*WORK INSTRUCTIONS*:
Begin at the line where "This would make" appears and reproduce exactly every line through the end of the data below, both included, skipping pictures.

*DATASET ENTRIES*:
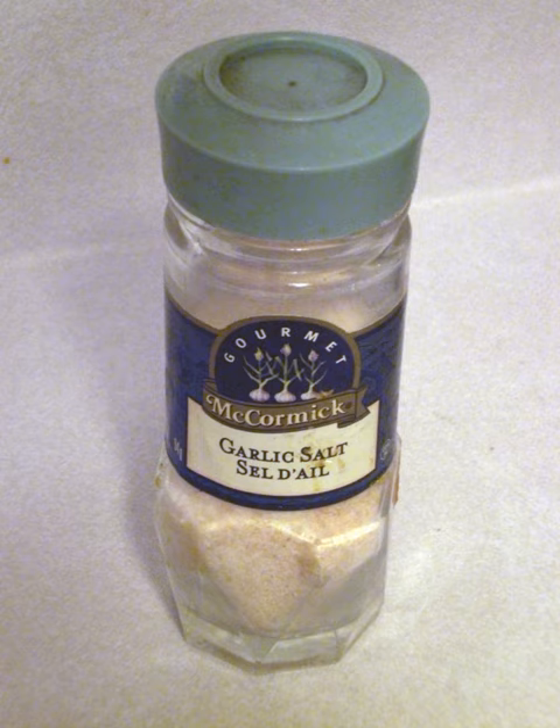It may also include ground golpar, saffron, nutmeg, black pepper, mace, coriander, or sesame.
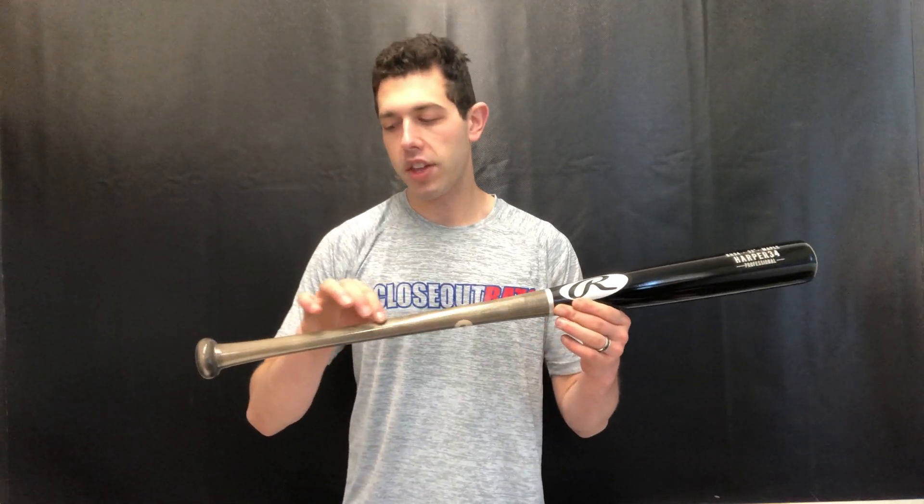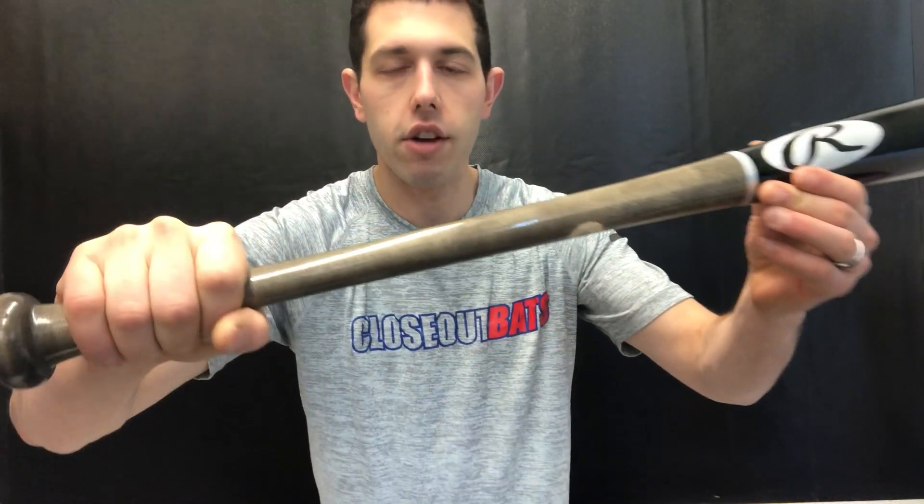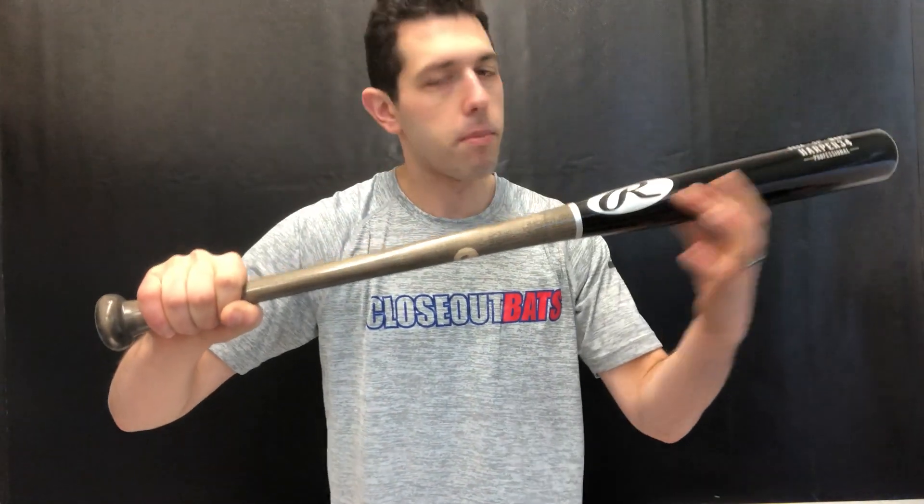This bat has a medium barrel with a skinnier handle and a normal-style knob. It's a skinnier handle, larger medium-sized barrel, with a nice weight feel at approximately a drop three — which is pretty key that they're able to get this wood to drop three. It comes in three sizes, 32 to 34 inches, so it's definitely more for older kids swinging wood.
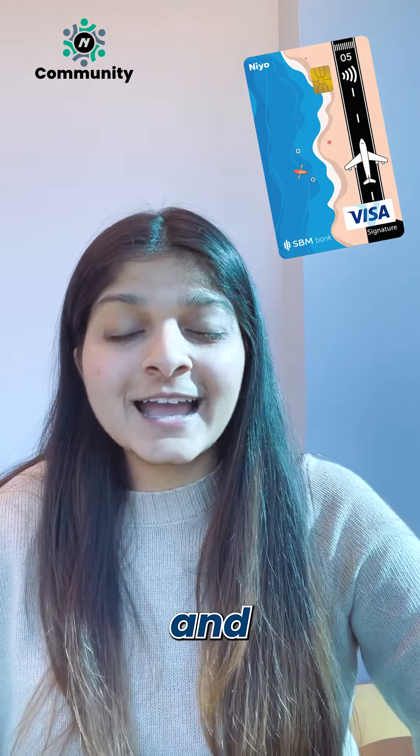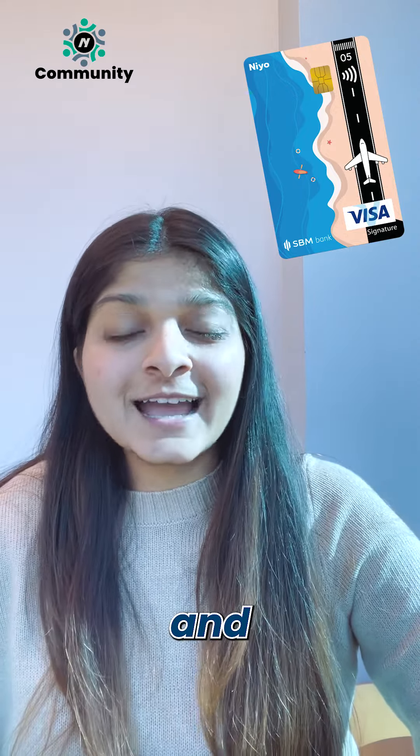The final bonus tip is to use your NEO Global Card every time you book a flight ticket. It offers various travel discounts for students and can help you save even more money while booking your flights.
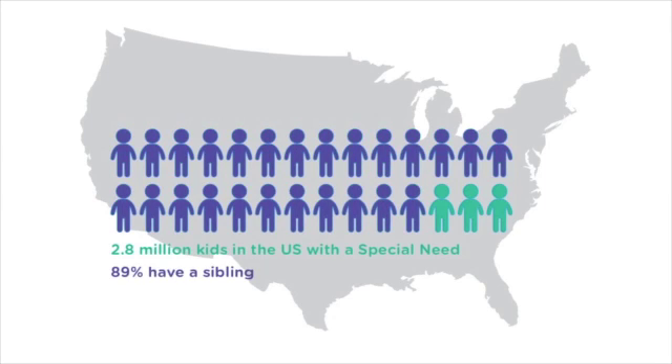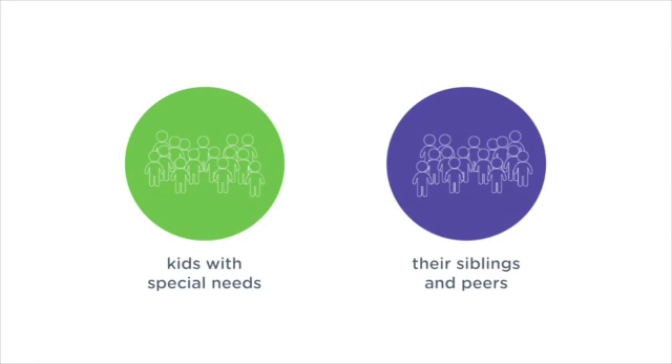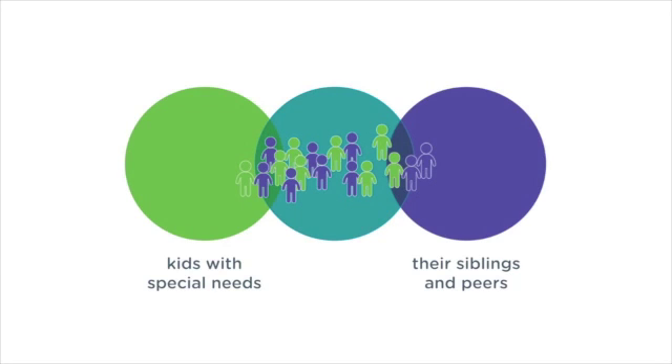And 89% of them have a sibling, so a majority of their time is spent with other kids. However, toys on the special needs market often highlight disabilities, creating a stigma of being different or sick, further isolating them from their peers. Our goal is to bring inclusion to the heart of the massive toy market.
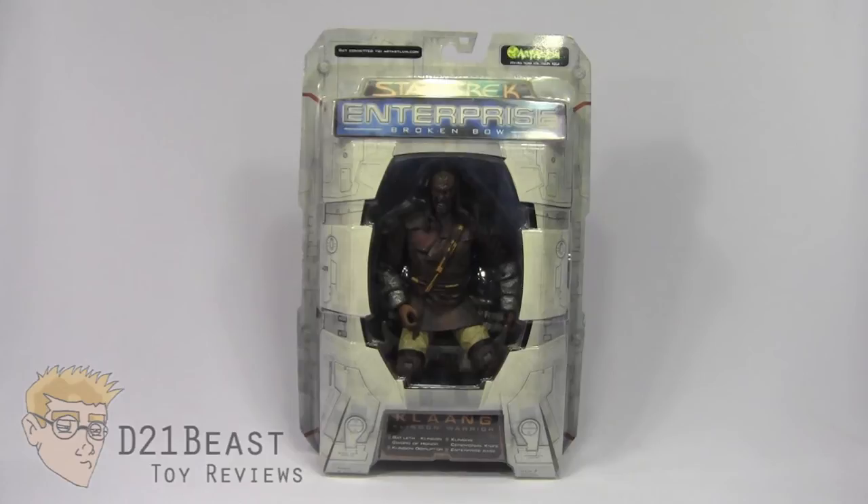Incoming transmission toy fans, I'm D21Beast and welcome back to my figure review series here on my YouTube channel. Today we're once again going boldly where no man has gone before. We've got another Star Trek review, and today we're looking at the Star Trek Enterprise Broken Bow series of figures, released by Art Asylum in 2002.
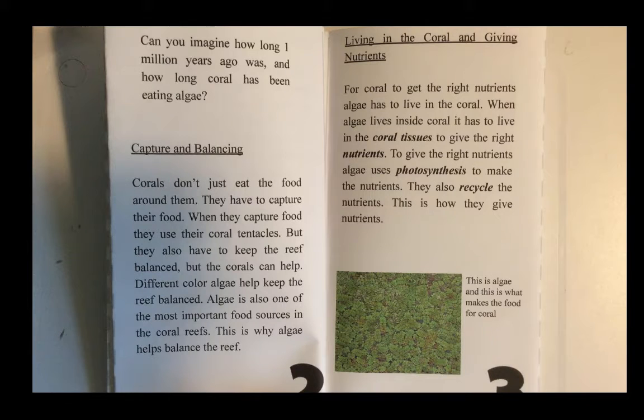For coral to get the right nutrients, algae has to live in the coral. When algae lives inside coral, it lives in the coral tissues to give the right nutrients. Algae uses photosynthesis to make the nutrients, and they also recycle the nutrients. This is how they give the nutrients.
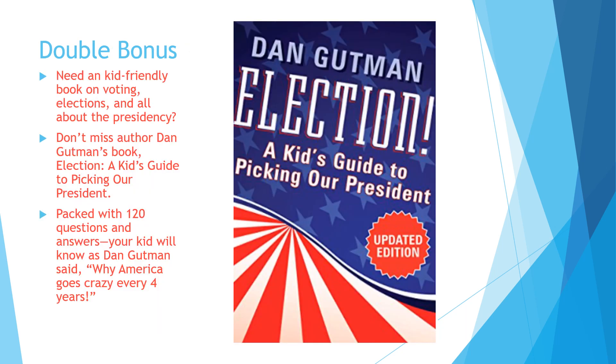Hold on, wait for this — it's a double bonus today! Dan Gutman, who I follow on Instagram, posted about his book Election: A Kid's Guide to Picking Our President. So I thought, why not check it out? It's got 120 questions and answers about elections. Dan Gutman quoted on his Instagram page: 'Why America goes crazy every four years.' Your child will learn that as they read this book — it's a great way to find out lots of information about the election.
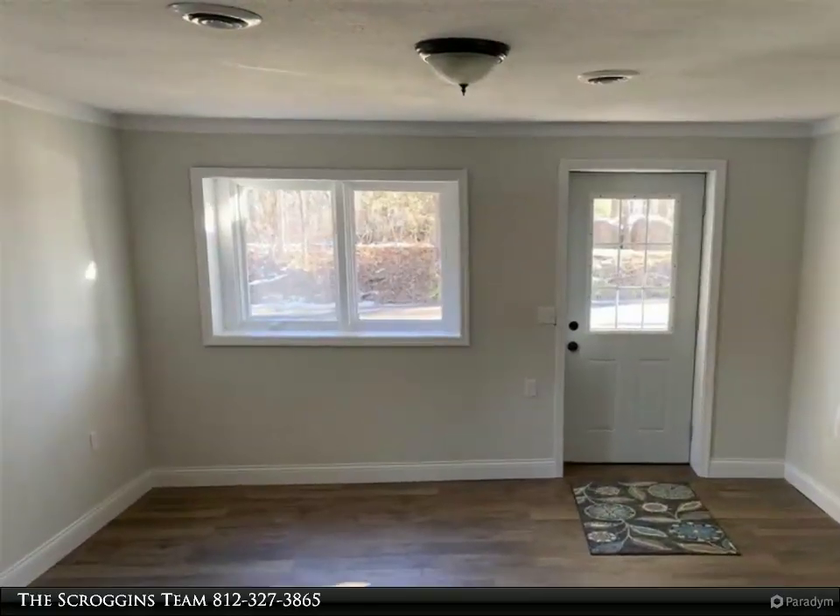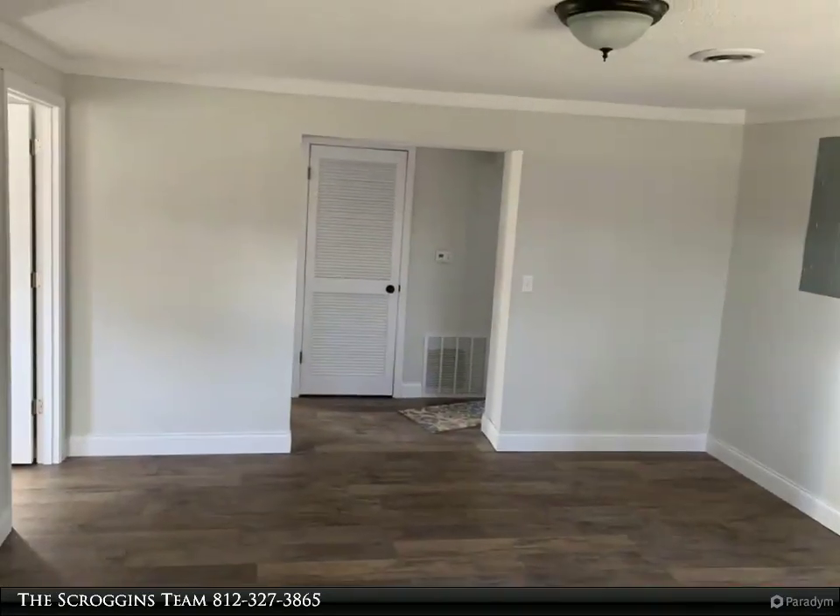This would make a great starter home — schedule a showing today. For more information, review the details below.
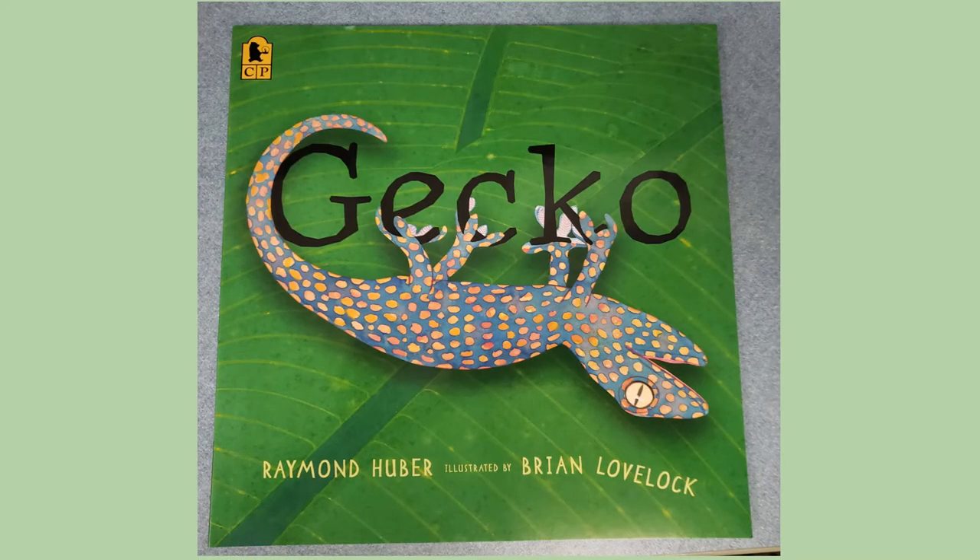Gecko. Written by Raymond Huber. Illustrated by Brian Lovelock.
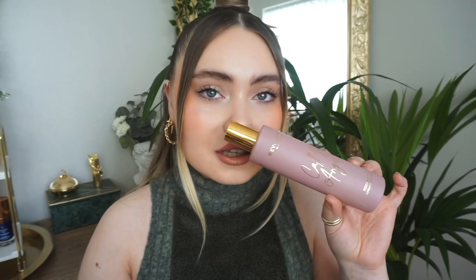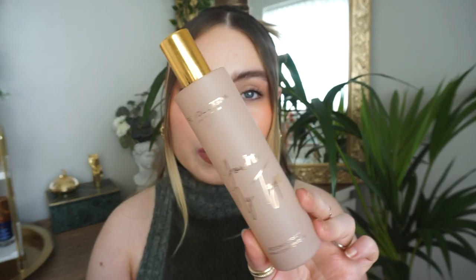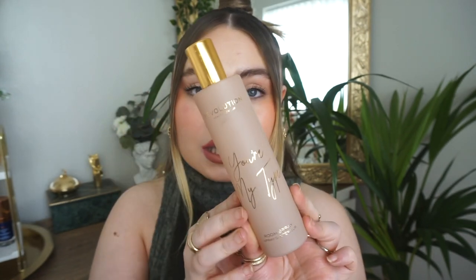I have a couple of wee room sprays from Makeup Revolution — I would definitely repurchase these. One smells quite rosy, more like rhubarb and custard — that sweetie smell. The other one called 'You're My Type' I wasn't a fan of. They were great to spritz in your bedroom when making your bed, or to keep in the bathroom. The packaging is really nice with a soft matte gold lid.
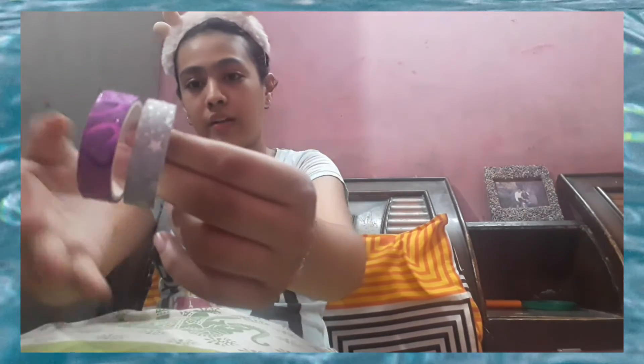Okay so next I got these washi tapes, only for my project. Since I had a project to complete, I just got them. These are amazing — one is a star print and another has hearts on it. So it's beautiful! Okay let's move on to the next thing.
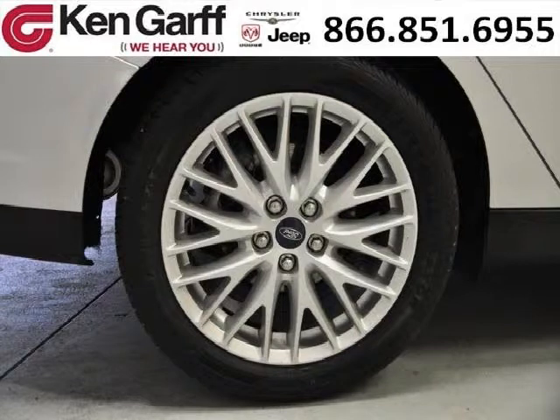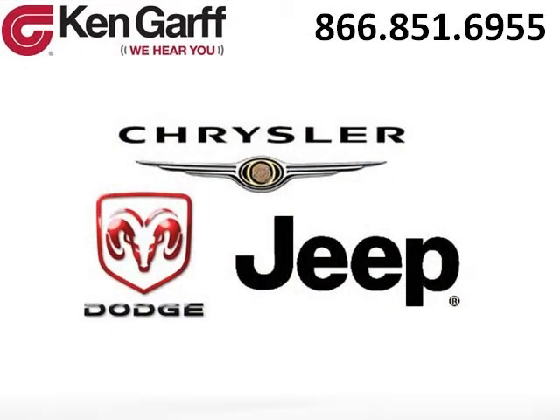Low miles means it's fresh and ready to get out there. Come in today and take a look for yourself. Ken Garff Dodge Chrysler Jeep West Valley is the dealership for you. Conveniently located in West Valley, Utah off of Route 171.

*WORKED SOLUTION*:
This would make a great starter home — schedule a showing today. For more information, review the details below.
Gecko. Written by Raymond Huber. Illustrated by Brian Lovelock.
I have a couple of wee room sprays from Makeup Revolution — I would definitely repurchase these. One smells quite rosy, more like rhubarb and custard — that sweetie smell. The other one called 'You're My Type' I wasn't a fan of. They were great to spritz in your bedroom when making your bed, or to keep in the bathroom. The packaging is really nice with a soft matte gold lid.
Okay so next I got these washi tapes, only for my project. Since I had a project to complete, I just got them. These are amazing — one is a star print and another has hearts on it. So it's beautiful! Okay let's move on to the next thing.
Low miles means it's fresh and ready to get out there. Come in today and take a look for yourself. Ken Garff Dodge Chrysler Jeep West Valley is the dealership for you. Conveniently located in West Valley, Utah off of Route 171.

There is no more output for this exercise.